*Supplied information*.
○ ○ ○ ○ ○

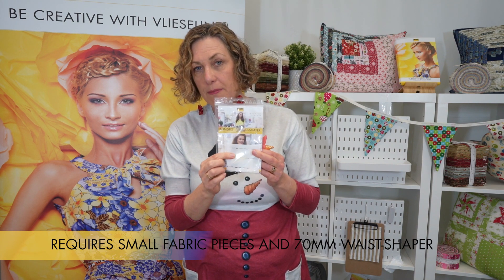I'm going to show you how to make the waste shaper woven star. What you'll need are small pieces of fabric and also the 70mm waste shaper. If you want more information about the waste shaper, please check out our videos.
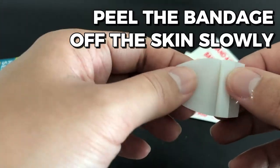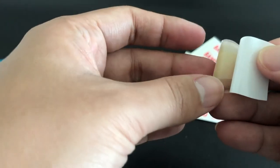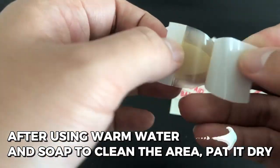Peel the bandage off the skin slowly when it's time to remove it. After using warm water and soap to clean the area, pat it dry.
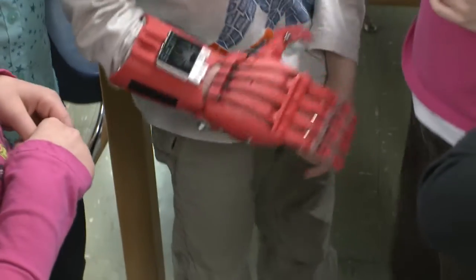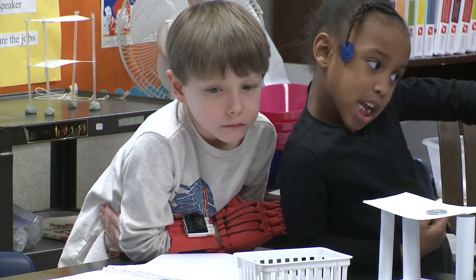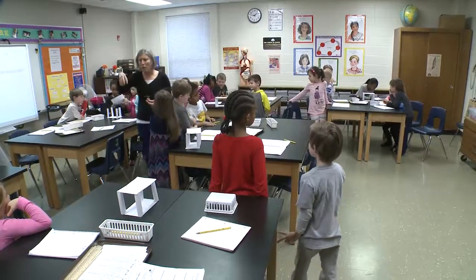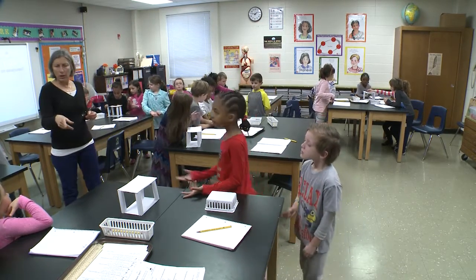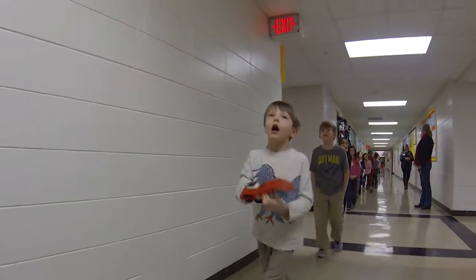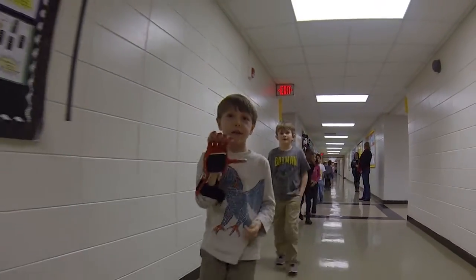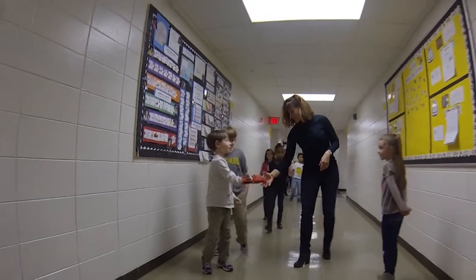He's never, ever said he can't do something. He'll always just say, 'Can you help me?' We now have an occupational therapist that Lucas sees. There was concern with his growth and development on that side of his body, and the strength that he's starting to build — the muscles he never used before. It's pretty big stuff as far as how it's going to be for him growing up. This is the time that his body is growing, and it couldn't have happened at a better time.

○ ○ ○ ○ ○

*Brief*. An exact copy of the material is required, minus the pictures.

*Answer space*.
I'm going to show you how to make the waste shaper woven star. What you'll need are small pieces of fabric and also the 70mm waste shaper. If you want more information about the waste shaper, please check out our videos.
Peel the bandage off the skin slowly when it's time to remove it. After using warm water and soap to clean the area, pat it dry.
He's never, ever said he can't do something. He'll always just say, 'Can you help me?' We now have an occupational therapist that Lucas sees. There was concern with his growth and development on that side of his body, and the strength that he's starting to build — the muscles he never used before. It's pretty big stuff as far as how it's going to be for him growing up. This is the time that his body is growing, and it couldn't have happened at a better time.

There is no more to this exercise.